Duński minister obrony Troels Lund Poulsen przekazał lokalnym mediom, że sprawa jest na tyle poważna, że Kopenhaga zainwestuje "dwucyfrową" kwotę miliarda duńskich koron w modernizację obrony kraju.
Nieokreślone wydatki na obronę mogą wynieść od 1,34 mld euro do 13,27 mld euro.
Trump, informując o wyborze kandydata na stanowisko przyszłego ambasadora USA w Danii, napisał, że "posiadanie i kontrolowanie Grenlandii" jest dla USA niezbędne z uwagi na "cele dotyczące bezpieczeństwa narodowego i wolności na całym świecie"
Na odpowiedź grenlandzkich władz nie trzeba było długo czekać. Premier Grenlandii Mute Egede powiedział: "Grenlandia należy do mieszkańców Grenlandii". Stwierdził również, że jego kraj "nie jest na sprzedaż i nigdy nie będzie".

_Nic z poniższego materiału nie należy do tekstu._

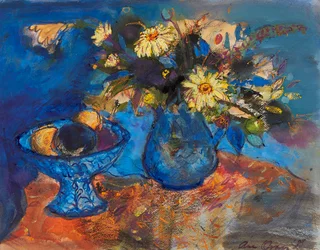 Fleurs et fruits sur bleu et orange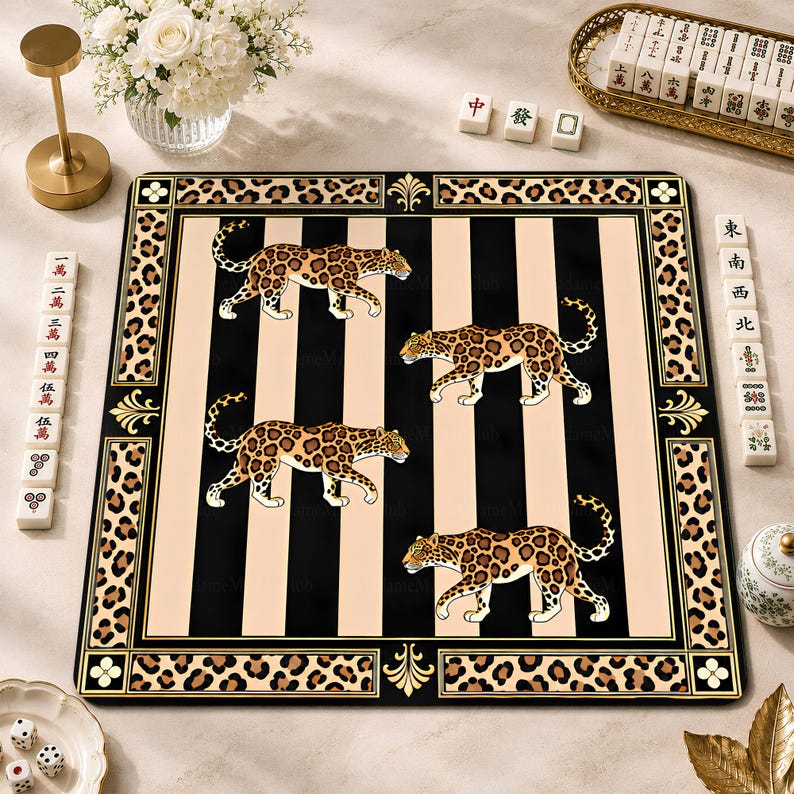 Leopard Glam Mahjong Mat, Luxury Animal Print Mat for American Mah Jongg, Elegant Game Table Cover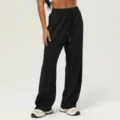 Pantalón de chándal negro de talle alto para mujer, joggers holgados y cómodos con cordón. - S / Negro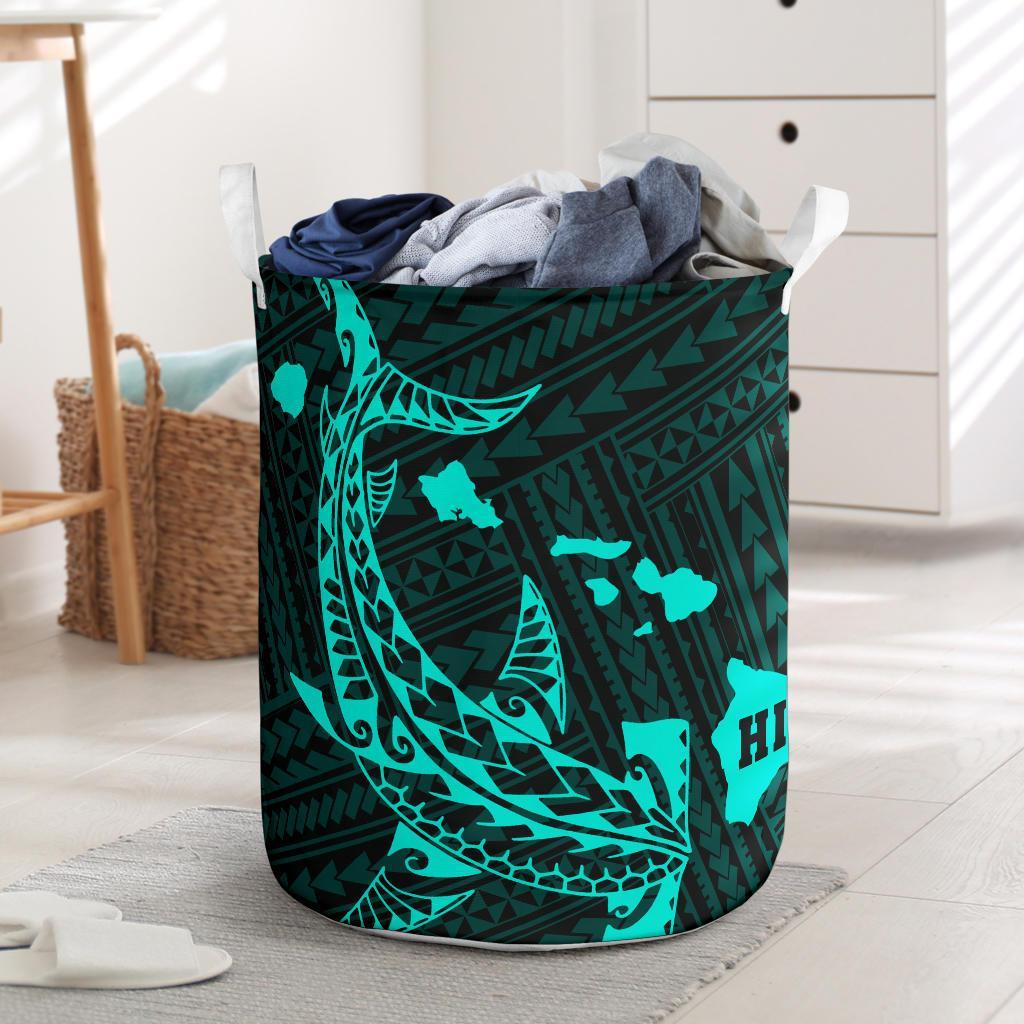 Hawaii Shark Turquoise Polynesian Laundry Basket AH Laundry Basket - 1 One Size Turquoise - Polynesian Pride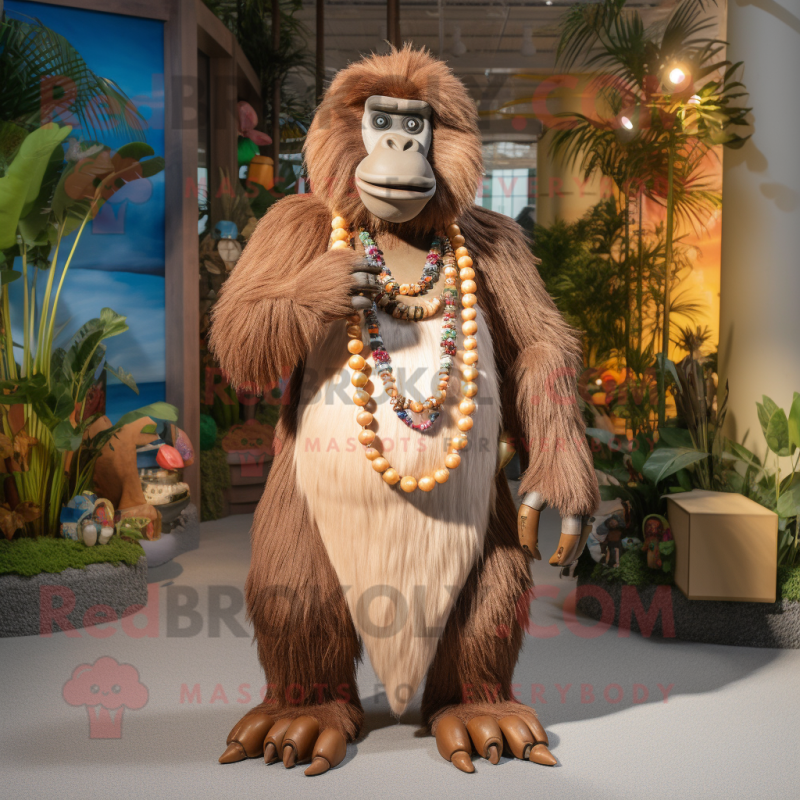 Tan Gorilla mascot costume character dressed with a Maxi Skirt and Necklaces Tan Gorilla mascot costume character dressed with a Maxi Skirt and Necklaces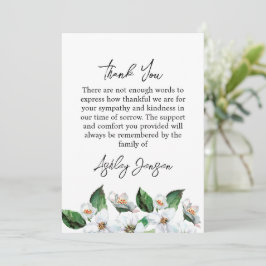 Cartão De Agradecimento Sympathy Jasmine Funeral Thank You Card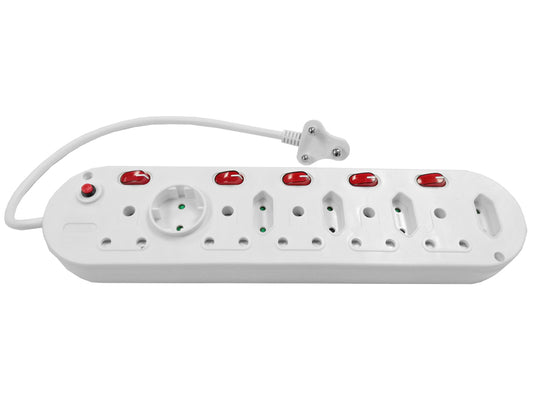 Multi Plug 5x16A 5x5A 0.5m Cord Switched White
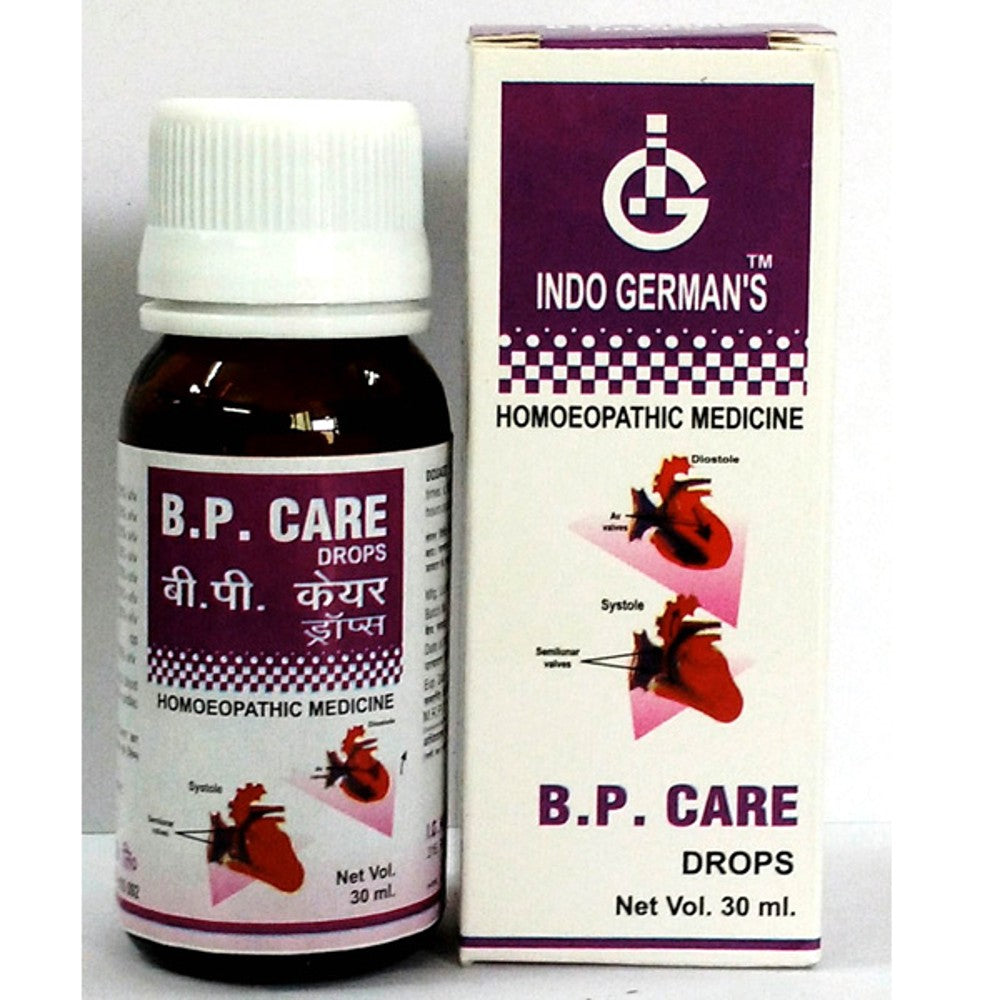 indo german bp care drops 30ml (regulates the pressure, low pulse, relieves vertigo, dull headaches)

Grenlandia ma własny rząd, ale nadal jest powiązany z duńską koroną.
Kraj ten był duńską kolonią do 1953 roku, kiedy to został przeklasyfikowany na okręg Danii. Grenlandia została następnie w pełni zintegrowana z państwem duńskim na mocy konstytucji Danii, czyniąc jej mieszkańców obywatelami Danii.
Trump wyraził ostatnio zainteresowanie przejęciem przez USA kontroli nad sąsiednią Kanadą i terytoriami takimi jak Panama, powołując się na udziały gospodarcze we wspomnianym kanale.